In general, however, there won't be many members who vote for this bill clearly against their constituents wishes. Maybe a few. But in general, Members vote their districts. On the ACA, literally *every* vote reflected district preference perfectly. Note this is different than voting your constituents best interests; it may be the case that voters are mistaken about what is best for them. But the structure of the districts and the partisan sorting in the U.S. right now creates a situation where a bill can be very unpopular nationally, but reasonably popular in most of the majority party's districts.
The conservatives are going to get rolled badly on the spending deal. The structure of the GOP coalition in the House gives the Democrats just tremendous leverage. The Freedom Caucus Republicans won't vote for any bills that significantly raise non-defense spending, which means the GOP can't move any realistic bill that can get through the Senate without the help of the House Dems. Which means the final deal is going to be amenable to both the Senate Democrats (because you need 60 votes to pass appropriations bills) and the House Democrats. That's a recipe for bill that's ultimately quite centrist.
My guess is that we just end up on a spending spree: the statutory caps on both defense and non-defense spending will be raised by close to $200B over two years, CHIP will be reauthorized, and a massive disaster relief bill will go through that isn't offset by spending cuts. And I think the health care patches will be put through as well. The only sticking point will be DACA, but my bet is that whether it's in or out, it will ultimately be paired with "extra money for border security" rather than anything described as a "wall."
What the House conservatives are going to get here is one or more show-votes Ryan gives them on bills that have no chance of passage. This is straight out of the Boehner playbook, and a movie we've seen over and over again. The HFC prefers voting no on a centrist deal than voting yes on the best deal that can be squeezed through the Senate. So the House will engage in some show-voting for the next bunch of weeks on partisan GOP bills/CRs. A deal will then be crafted by party leaders and moved through the Senate on a bipartisan basis. Then the House will be offered an up/down vote on the deal, and the GOP will use a sizable number of Dem votes to pass it. It's simply not going to go any other way.
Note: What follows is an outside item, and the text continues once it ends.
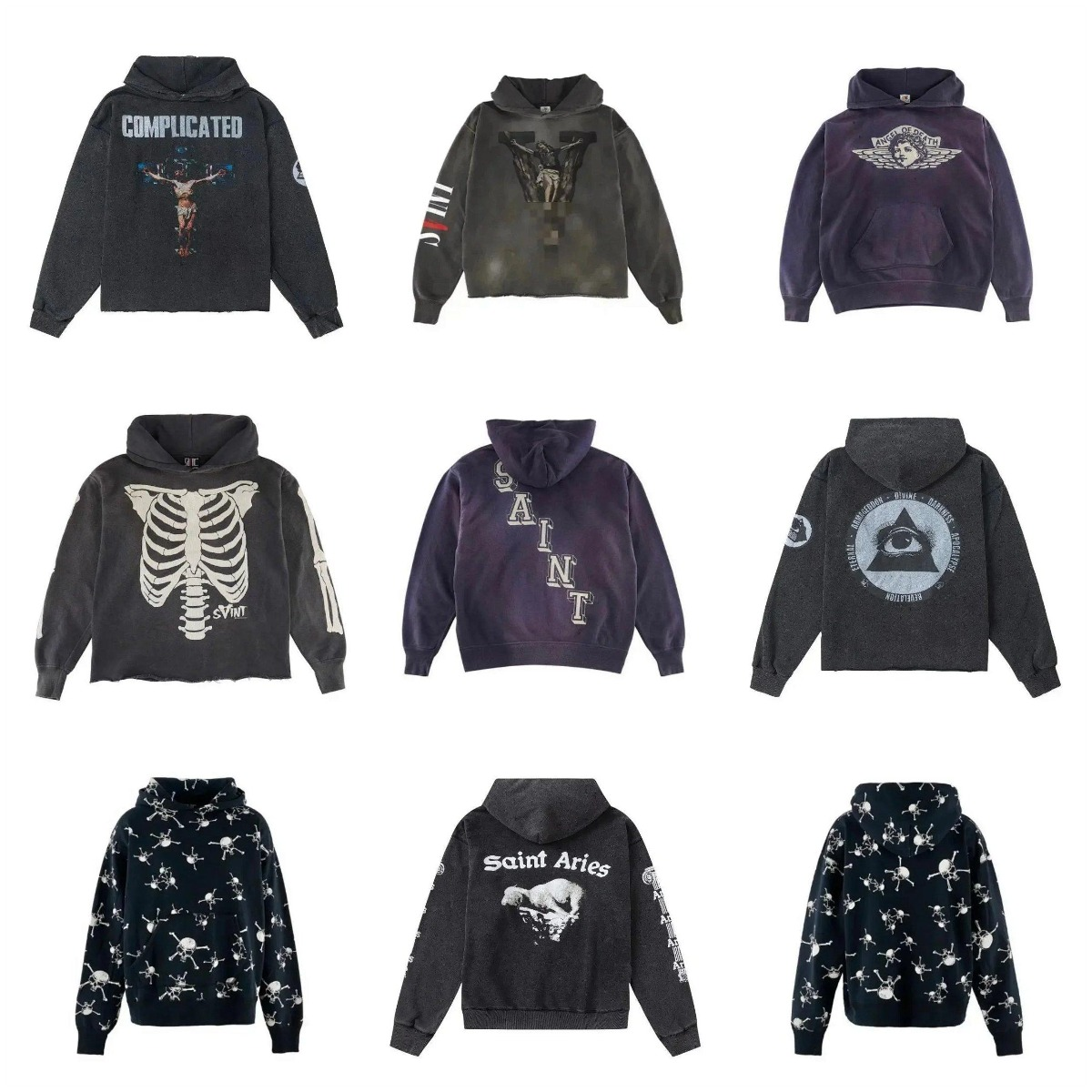 Saint Aries Hoodies - Gothic Skeleton and Religious Design Sweatshirts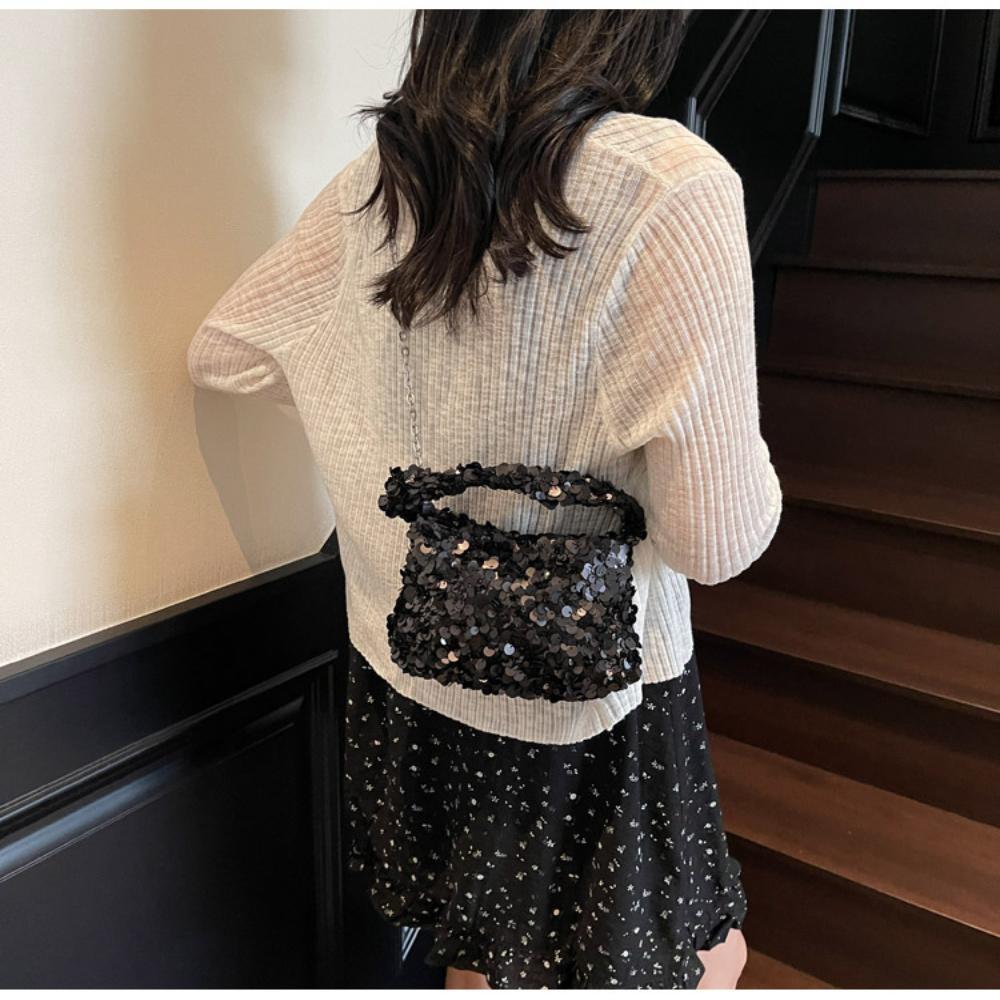 Elegant Sequin Evening Bag for Women Luxury Pearl Chain Crossbody Bag Fashion Sparkly Small Square Handbag Party Shoulder Purse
I think the spending deal will come in early January, no shutdown. The current CR expires on December 22. It seems impossible to me there would be a deal in place by then. I bet you'll get another CR relatively easily that goes through January 12 or so, and you'll get your deal that week.
2. GOP primary extremism has backfired quite often in Senate races. That the GOP has an extremism problem in its primaries is not news to most people following American politics. In fact, one of the basic assumptions of most contemporary observers of Congress is that the great majority of members, Republican and Democratic alike, are more worried about a primary challenger on their extreme flank than they are about a general election challenger who might defeat them from the center. Consequently, we can observe lots of members rationally responding to this by shifting their positions toward the extremes. In most cases, that's enough to prevent or defeat a challenger, but there have been a number of high-profile primary losses by incumbents.
That's been the standard analysis of the situation for a while, and I think it's correct and a significant part of the changes we've seen in the parties and in Congress during this decade, especially on the GOP side. But there's a second aspect of it that most people don't consider: these GOP primary challenges are also flipping seats to the other party. In the last decade, the GOP has lost at least three Senate seats---and possibly several more---because surefire winning candidates were defeated in the primaries by extremists who went on to lose the general election.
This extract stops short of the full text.